Fast forward to the Industrial Revolution. Early townies learned if they didn’t mind exchanging the joy of living on their beloved farms for miniscule hovels in dirty, noisy metropoles, they too, could be rewarded with horrendous working conditions and a supervisor who verbally assaulted them for failing to embrace a 14-hour work day.
Many urbanites learned how little patience they had for rules, laws and boundaries. Long before the days of law and order, if someone didn’t share your sentiments for their boundaries, they just shot you. End of discussion.
Venturing Out of Our Caves
Physical boundaries are everywhere. Some are natural and some are man-made. Like my parking space, they’re the hardest to acknowledge and the easiest to ignore.

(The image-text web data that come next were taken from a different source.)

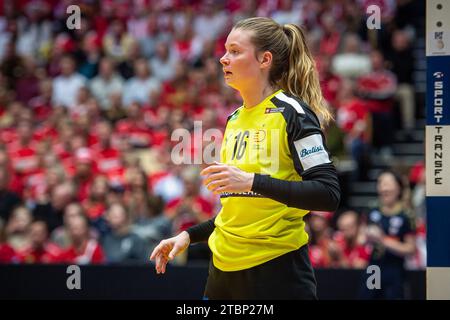 Herning, Danemark. 07 décembre 2023. Althea Reinhardt (16 ans) du Danemark vu lors du match du Championnat du monde de handball IHF 2023 entre le Danemark et le Japon à Jyske Bank Boxen à Herning. (Crédit photo : Gonzales photo/Alamy Live News Banque D'Images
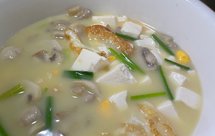 口蘑鸡蛋豆腐汤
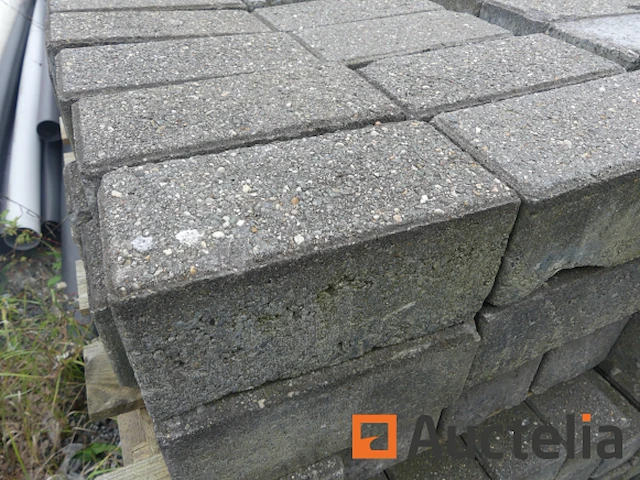 [8904-121]verkoop van diverse cement- en natuurklinkers, 15 pallets - afbeelding 1 van  17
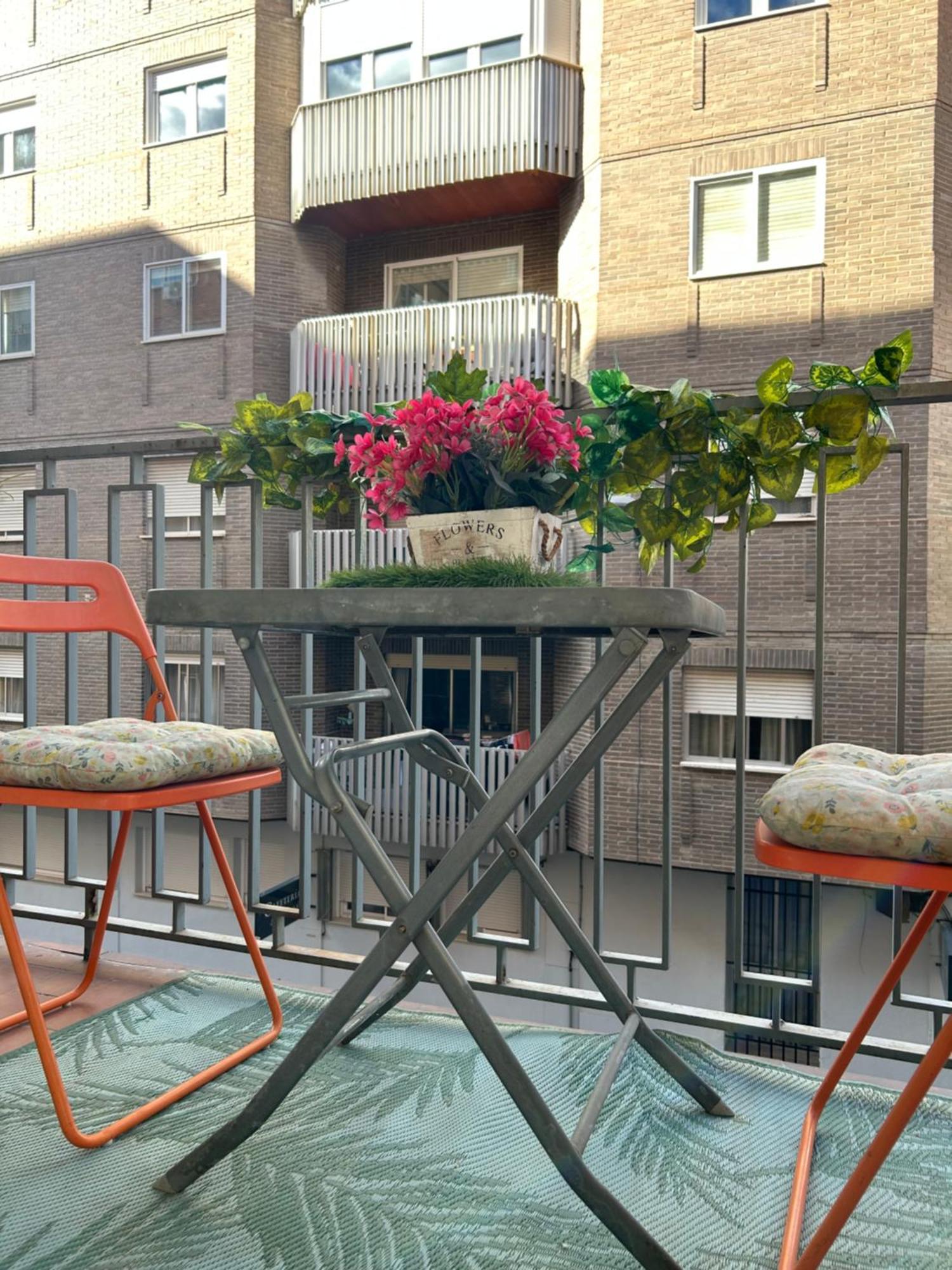 Ferienwohnung Centrico Piso Con Aparcamiento Gratuito Granada Exterior foto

Long before Grog the caveman ventured out of his hollow, the Pacific Ocean, Rocky Mountains and Sahara Desert kept him squirreled away safely in his allotted living space. Then he discovered if he stole one of his neighbor’s horses, he could transcend his boundaries, invading others’. But, when he arrived, he was flummoxed again. Owners of private properties built permanent structures with locked doors, segregated men’s and women’s restrooms, and fitting rooms at Macy’s. All designed to let transgressors know when they’ve trespassed into someone else’s space. So, how do you know where your space ends and another’s begins?
Excuse me, But You’re in My Personal Space
People all over the world move about within their own bubbles appropriately called their personal boundaries. It defines how, who, where and when other people are allowed to engage you. The easiest way to study the fluidity of personal space is to walk down a crowded Manhattan street during lunch hour. Tuned out, texting and jabbering on their cell phone, each person methodically slithers through the busy crowds, safely enveloped in their personal space, completely unaware of anyone else on the planet.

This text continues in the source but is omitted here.